Outside of answering the original question of what performance looks like before and after an exhibition opens, this approach offers up a host of other interesting ways to slice our data. One of the most significant is in being able to easily attribute our ticket and membership sales to specific exhibitions. Prior to these dimensions, it was possible to build segments that filtered based on sessions that included specific exhibition pages, and review ecommerce conversion rates, but with the updated tracking in place it became trivial to setup Data Studio dashboards that labeled transactions by exhibition title rather than by url (which is not a small gain in terms of readability and by extension share-ability), alongside all sorts of other metrics.

Again the benefit is less about enabling technically new data, than offering up easier and more human-friendly ways to view it. Instead of manually checking the dates for a specific exhibition it is now possible for us to create reports framed in ways that cover many. Considering the last 9 months of exhibition data since the start of 2018, some of the points that are now easy to pull include:

  1. 66% of exhibition traffic has been to exhibitions while they were open, 19% to ones that were closed, and 15% to ones opening in the future.
  2. Users viewing presently open exhibitions spent 20% longer on the site on average than those looking at past or upcoming ones.
  3. 83% of exhibition-driven revenue came from shows that were currently open, and 16% from ones opening in the future.
  4. 76% of exhibition-associated audio guides views came from shows that were currently open, and 20% from ones that have already closed.

So far the top traffic (opening, +58, +1) and top earning days (-98, +60, -97) for our exhibition pages have been a bit a bit all over the place, reflecting specific news events and marketing efforts, which suggests that much of this sort of data will take time to settle into clearer trends. However, much of these kinds of time-based comparisons can be supported through other investigative methods. For example, in the case of audio guide usage, we ran a one question motivation survey on the audio guide section of the site asking users if they had seen the associated exhibition at the Whitney. Of the 964 responses we collected, 69% of those users said they had seen the show, and the remaining 31% that they had not. Combined with the data point above, it is clear that the majority of external-to-the-building audio guide usage occurs post-visit, after seeing the show and while it is still open.

Screenshot of an audio guide webpage for Wojnarowicz with a popup in the bottom right asking if you saw this exhibition in person.
A one question survey we ran on the audio guides section of whitney.org to help determine when users were utilizing the guides.

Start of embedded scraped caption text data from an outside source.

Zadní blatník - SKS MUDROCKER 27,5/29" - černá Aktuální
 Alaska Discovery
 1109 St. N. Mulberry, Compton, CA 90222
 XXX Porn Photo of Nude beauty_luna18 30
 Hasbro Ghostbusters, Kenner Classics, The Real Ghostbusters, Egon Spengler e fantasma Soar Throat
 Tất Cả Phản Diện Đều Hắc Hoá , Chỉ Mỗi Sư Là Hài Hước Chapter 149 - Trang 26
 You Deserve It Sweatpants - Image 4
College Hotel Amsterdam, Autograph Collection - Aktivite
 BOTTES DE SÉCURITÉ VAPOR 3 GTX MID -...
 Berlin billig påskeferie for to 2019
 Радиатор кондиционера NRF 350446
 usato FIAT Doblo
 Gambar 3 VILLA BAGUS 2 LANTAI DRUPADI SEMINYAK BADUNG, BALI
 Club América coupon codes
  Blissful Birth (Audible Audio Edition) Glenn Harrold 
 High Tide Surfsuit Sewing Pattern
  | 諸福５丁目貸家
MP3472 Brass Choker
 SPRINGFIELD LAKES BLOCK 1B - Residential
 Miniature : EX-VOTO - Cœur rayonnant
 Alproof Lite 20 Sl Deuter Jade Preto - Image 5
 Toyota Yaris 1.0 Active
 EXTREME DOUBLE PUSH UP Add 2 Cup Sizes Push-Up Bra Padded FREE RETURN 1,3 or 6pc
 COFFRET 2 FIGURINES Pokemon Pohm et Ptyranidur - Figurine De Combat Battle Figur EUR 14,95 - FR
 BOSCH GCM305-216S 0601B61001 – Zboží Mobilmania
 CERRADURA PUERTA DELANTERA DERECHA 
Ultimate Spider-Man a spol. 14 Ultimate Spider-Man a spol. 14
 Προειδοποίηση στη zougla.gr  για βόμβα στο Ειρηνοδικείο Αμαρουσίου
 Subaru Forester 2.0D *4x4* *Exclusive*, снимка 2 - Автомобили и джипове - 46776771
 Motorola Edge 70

The popup both created Google Analytics events with the answers, and set a custom dimension for broader session tracking.

What are the limitations?

All that said, one really critical assumption here is that most users are visiting only one exhibition page, or that the last exhibition they view is the most important one for the purposes of our data (as that last-view will override any earlier exhibition-related values for their session). Given our usage data on whitney.org, this seemed reasonable given the small fraction of users that view multiple exhibition pages during a session, but it is important to keep in mind.

What else can this kind of approach be used for?

Aside from the three exhibition-focused dimensions discussed here, we have 9 others that cover other aspects of the site. Three are used in the same way as exhibitions for events, and the remaining 6 are used for things like tracking audio guide and Mobile Guide usage, language settings, and visitor motivations (look for a future post for a deep dive on that). By re-framing how we could consider our exhibition analytics data, other avenues for improvement quickly presented themselves.

Conclusion

Google Analytics custom dimensions have been a vital part of our journey to be able to consistently and useful report on our exhibition performance. The challenge of answering our original question is still ongoing, in large part because of the need of having to see multiple shows go through our updated data-collecting process, but also because we are still figuring out what metrics are meaningful for our particular content.